**** Provided records
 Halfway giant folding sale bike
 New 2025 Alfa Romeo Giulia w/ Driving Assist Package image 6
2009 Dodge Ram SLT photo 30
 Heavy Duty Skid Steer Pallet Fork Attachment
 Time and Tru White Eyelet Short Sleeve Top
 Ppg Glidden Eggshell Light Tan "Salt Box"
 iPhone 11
********
**** Provided records
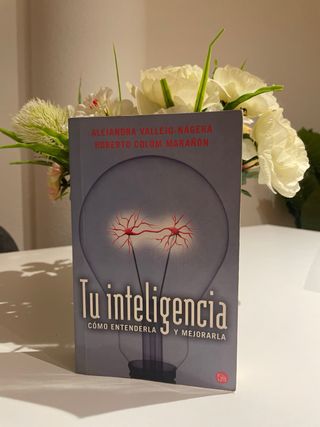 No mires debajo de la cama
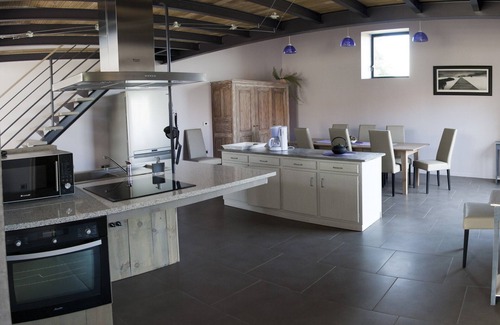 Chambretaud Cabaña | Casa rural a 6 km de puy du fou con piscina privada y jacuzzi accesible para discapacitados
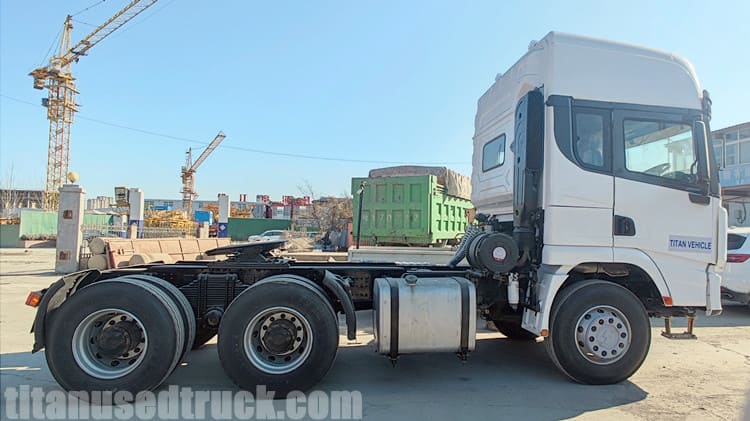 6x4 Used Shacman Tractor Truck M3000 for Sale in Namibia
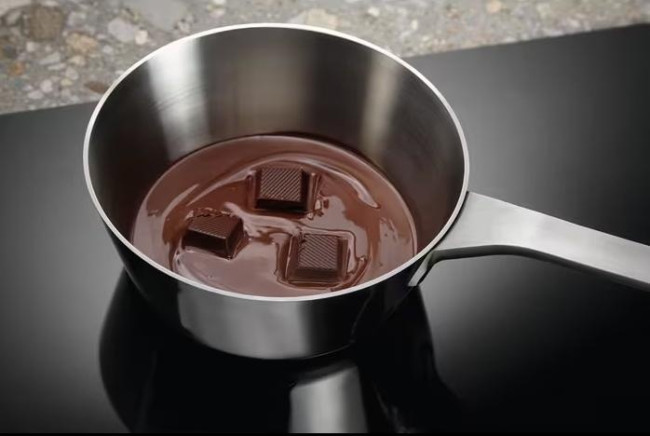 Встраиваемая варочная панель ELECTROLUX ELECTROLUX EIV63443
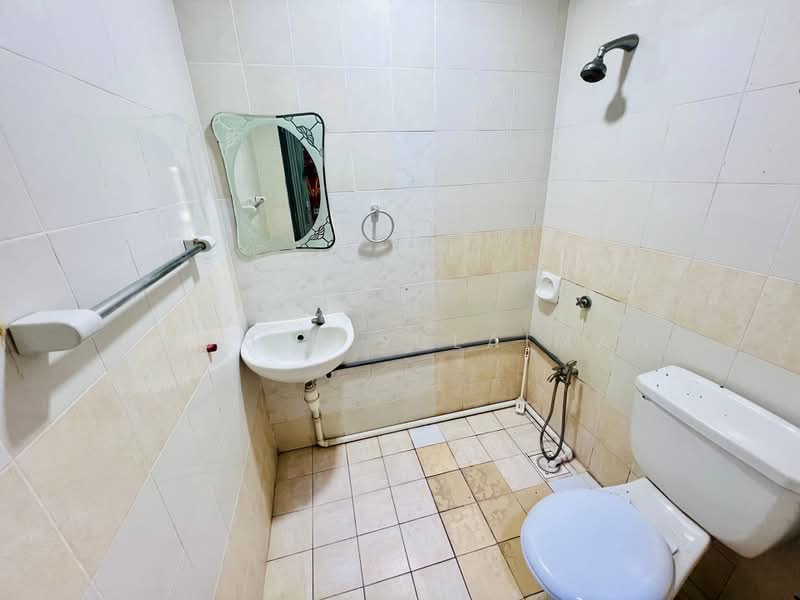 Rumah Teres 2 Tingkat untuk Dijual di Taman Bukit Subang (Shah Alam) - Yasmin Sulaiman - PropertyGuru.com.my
********
**** Provided records
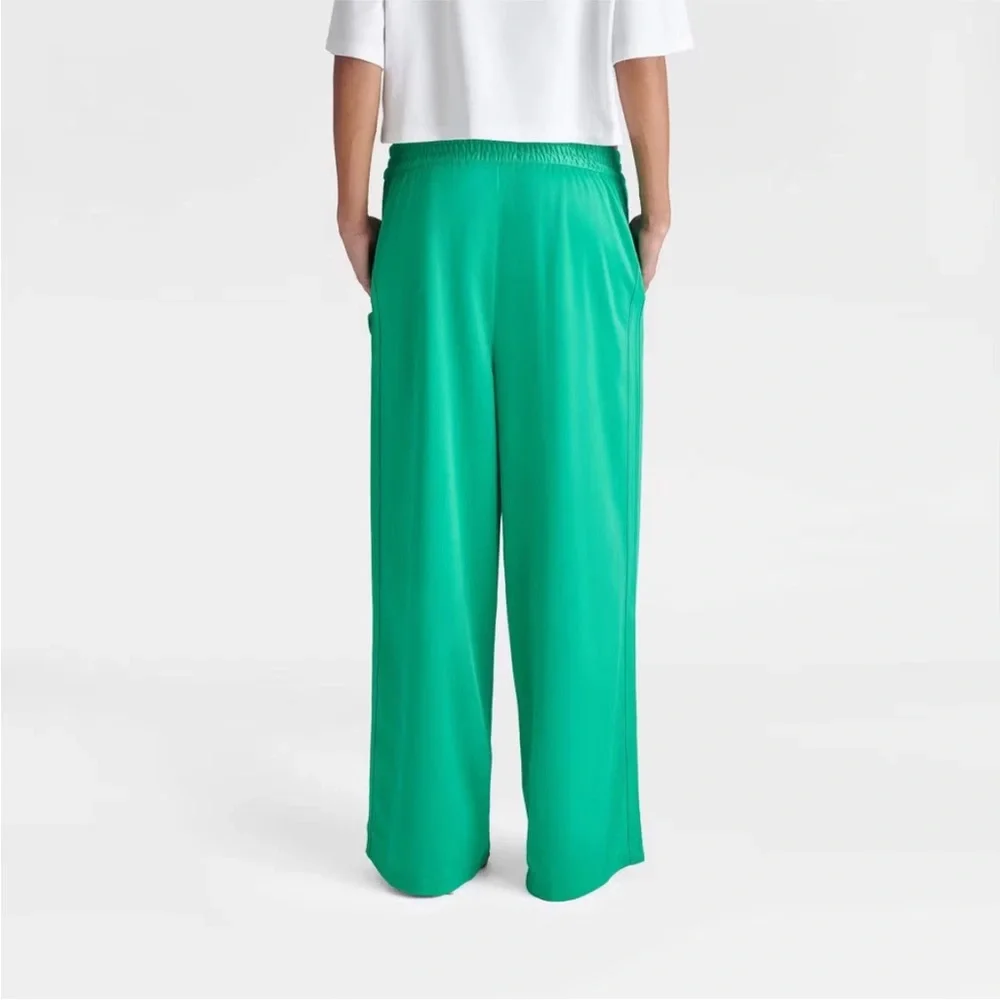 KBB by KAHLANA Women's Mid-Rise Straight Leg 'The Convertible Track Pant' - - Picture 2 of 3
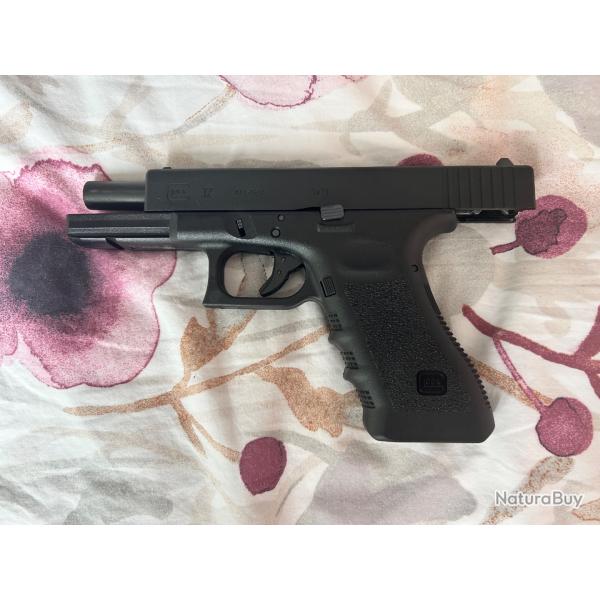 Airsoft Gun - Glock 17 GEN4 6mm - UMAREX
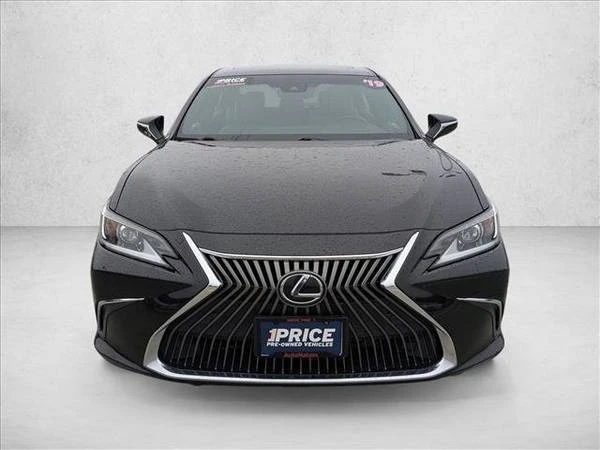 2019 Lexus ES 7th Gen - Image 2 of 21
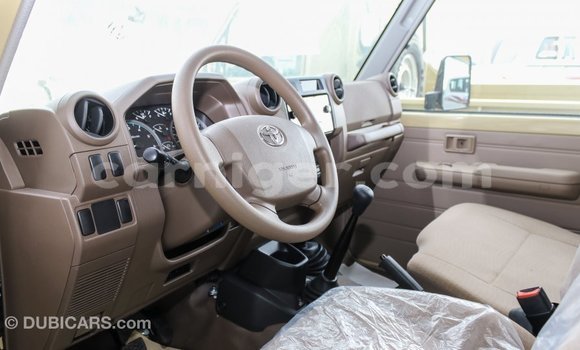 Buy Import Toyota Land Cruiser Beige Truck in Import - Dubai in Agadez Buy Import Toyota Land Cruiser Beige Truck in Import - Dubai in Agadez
********
What you will do: Look above for the line with "Chambretaud Cabaña |" and the line with "Встраиваемая варочная панель", then restate exactly those two lines and all lines between them, with no pictures.

Answer to this exercise:
 Chambretaud Cabaña | Casa rural a 6 km de puy du fou con piscina privada y jacuzzi accesible para discapacitados
 6x4 Used Shacman Tractor Truck M3000 for Sale in Namibia
 Встраиваемая варочная панель ELECTROLUX ELECTROLUX EIV63443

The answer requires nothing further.